The various deposits of money made from time to time by the plaintiffs with the defendant created the relation of debtor and creditor, and the law implies a contract on the part of the defendant to disburse the money standing to the plaintiffs' credit only upon their order and in conformity with their directions. The defendant is not entitled to charge against the plaintiffs' account any sums as payments unless they have been made to such persons as the plaintiffs directed. Such payments as were made without the order of the plaintiffs of their funds by the defendant, afford to it no protection when called upon by the plaintiffs to account for the money deposited. Payments made upon forged indorsements are at the peril of the bank unless it can claim protection upon some principle of estoppel or by reason of some negligence chargeable to the depositor. These rules are so familiar and so well established and illustrated by the adjudged cases that a bare reference to them is all that is needful here. ( Crawford v. West Side Bank, 100 N.Y. 53; Ætna Nat. Bank v. Fourth Nat. Bank, 46 id. 86; Corn Exchange Bank v. Nassau Bank, 91 id. 80; PhÅ“nic Bank v. Risley, 111 U.S. 125; Bank of British North America v. Merchants' Nat. Bank, 91 N.Y. 106; Marine Bank v. Fulton Bank, 2 Wallace, 256; First Nat. Bank v. Whitman, 94 U.S. 347; Citizens' Nat. Bank v. Importers Traders' Bank, 119 N.Y. 195.)

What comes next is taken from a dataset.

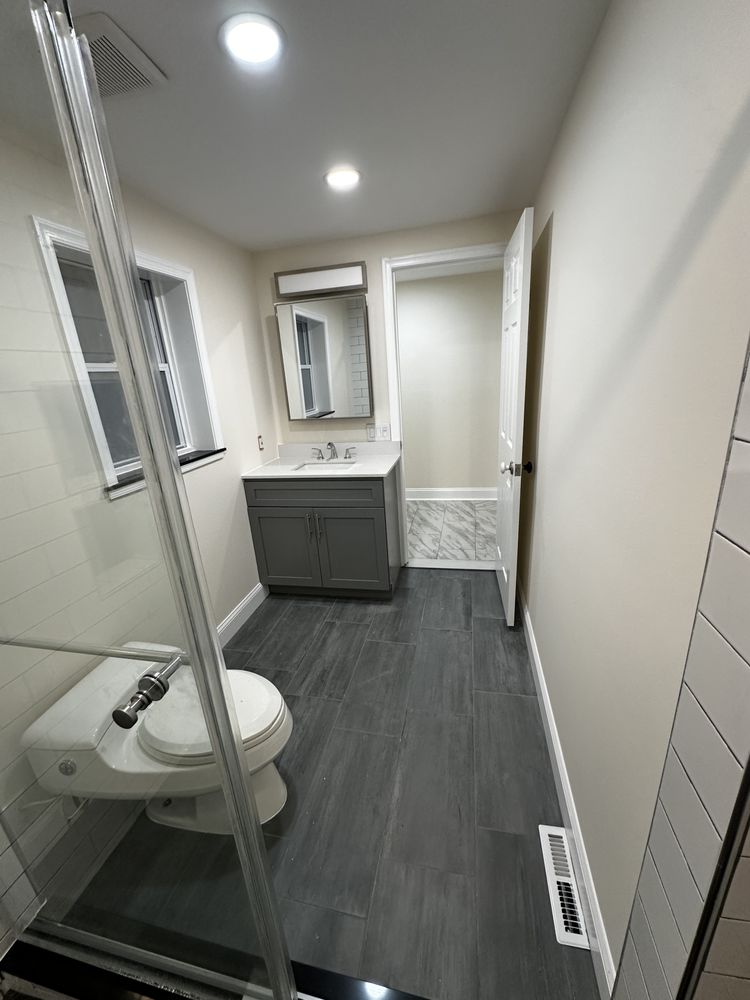 Slide of P&O Renovations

The statement of the account made by the defendant to the plaintiffs from time to time, the balancing of the bank pass-book and the return of the same to the plaintiffs with the vouchers, including, as they did, the checks in controversy, with the forged indorsements thereon, constitute no obstacle to the maintenance of this action by the plaintiffs as they were ignorant of the facts and circumstances under which the checks were issued and put in circulation. An account thus stated can always be opened upon proof of mistake or fraud, and the only effect of the plaintiffs' silence as to the correctness of the account rendered by the defendant is to put upon them, in this action, the burden of showing that the account, as stated, was the result of fraud or mistake, a burden which they have fully assumed and met, as the referee has found.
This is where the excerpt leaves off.